Quarterly revenue and adjusted loss missed Wall Street expectations, but the company nevertheless affirmed its goal to be profitable on an adjusted basis before the end of 2021.
Uber shares were down 2% in after-hours trading as an adjusted third-quarter EBITDA loss of $625 million was wider than analyst expectations of a $597 million loss, according to IBES data from Refinitiv.
Non-adjusted earnings per share came in at a loss of 62 cents, compared with a 65-cent loss estimated by analysts.
Gross bookings at Uber’s rides mobility unit recovered from their massive drop in April, but remained down 50% from last year on a constant currency basis. But unlike Uber’s other units, the rides segment delivered adjusted EBITDA of $245 million.
Uber executives cautioned that ride demand in Europe, which recovered faster than any other region in the quarter, was likely to decline as several countries on the continent reimposed lockdown measures.
But they said Uber could stomach a continued drop in rides gross bookings of 10% to 20% below pre-pandemic levels and still achieve its profitability target.
Revenue at Uber’s delivery unit, including Uber Eats, more than doubled to $1.45 billion, its highest ever, but the unit continues to lose money despite narrowing losses over the past quarters.
On Thursday, company executives told analysts on a conference call that customers continued ordering food through Eats even after their cities or countries eased restrictions in response to the pandemic. But Uber Chief Executive Dara Khosrowshahi cautioned it was still to early to tell whether that would persist.
Uber continues to spend money to gain market share over food-delivery competitors.

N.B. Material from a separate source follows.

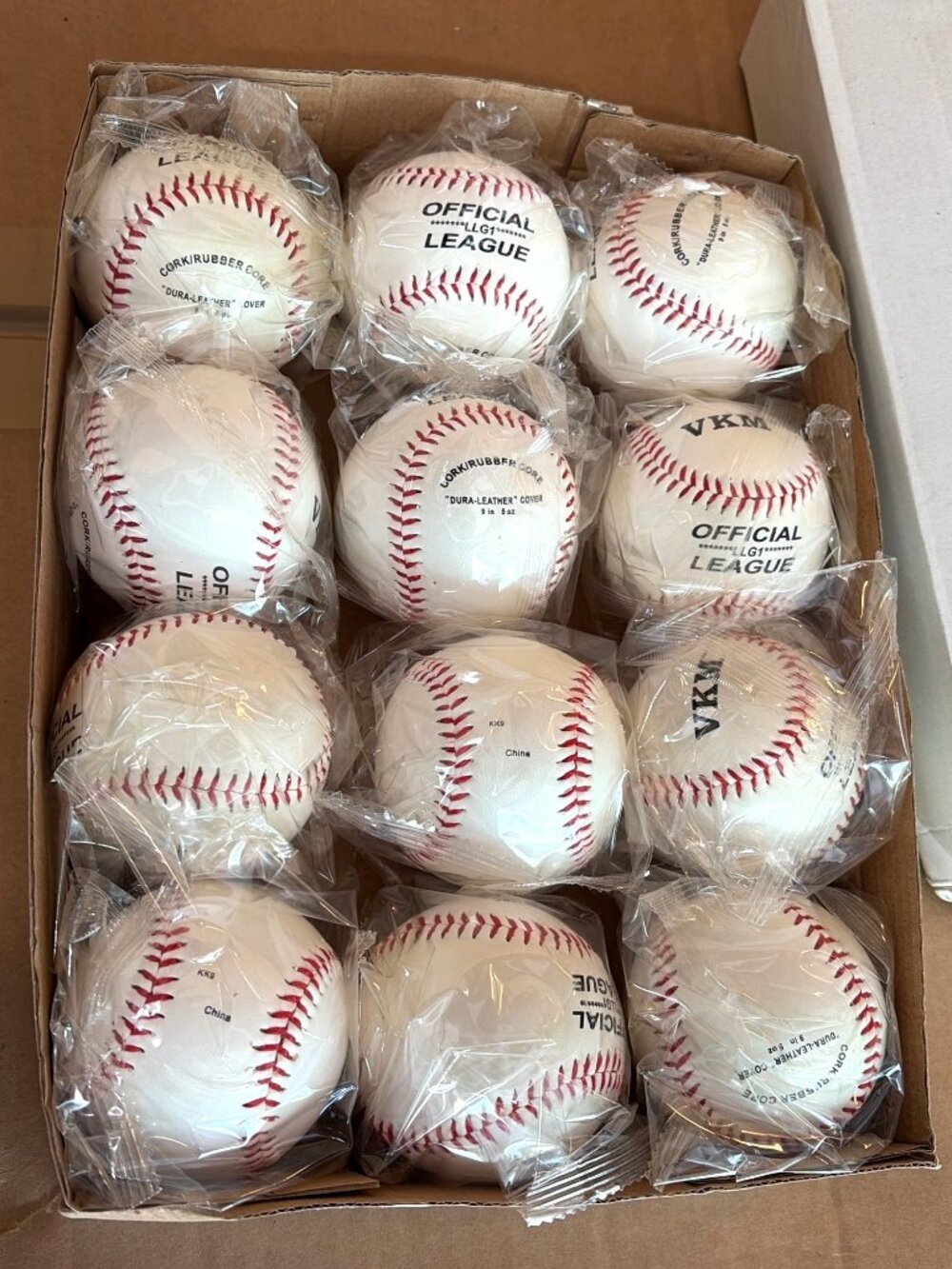 Official League Baseballs 9" 5 oz Cork Rubber Core Lot of 12 New NOS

The company is hoping to close its $2.65 billion acquisition of smaller delivery rival Postmates in the first quarter of 2021 to expand further.
Overall, Uber recorded $3.13 billion in third-quarter revenue, falling short of analysts’ average estimate of $3.2 billion, according to IBES data from Refinitiv.
Overall, Uber posted a net loss of $1.1 billion in the months from July to September, including stock-based compensation expenses.
The company has also gradually reduced its stake in noncore business units over the past months. A German company in September acquired Uber’s European freight business and Uber has reportedly been seeking options for its Uber Elevate business.
Uber’s third-quarter results come just two days after it scored a significant win in its California home market, where voters passed a company-sponsored ballot measure that went at the heart of the gig economy business model Uber helped create.
With a 58% majority, California voters cemented app-based food-delivery and ride-hail drivers’ status as independent contractors, not employees entitled to costly benefits including unemployment pay and health insurance.
California drivers instead will receive more limited benefits, including minimum pay rates, healthcare subsidies and accident insurance.
Uber, its smaller rival Lyft Inc (O:), DoorDash, Instacart and Postmates, who jointly spent more than $200 million on the ballot campaign, hope to turn the California decision into a model for the nation.
Khosrowshahi on Thursday said Uber wanted to engage in dialogues with governments and other states about compromise legislation for gig workers.
Uber is facing challenges by several U.S. states and countries around the world that believe drivers are misclassified and should be employees.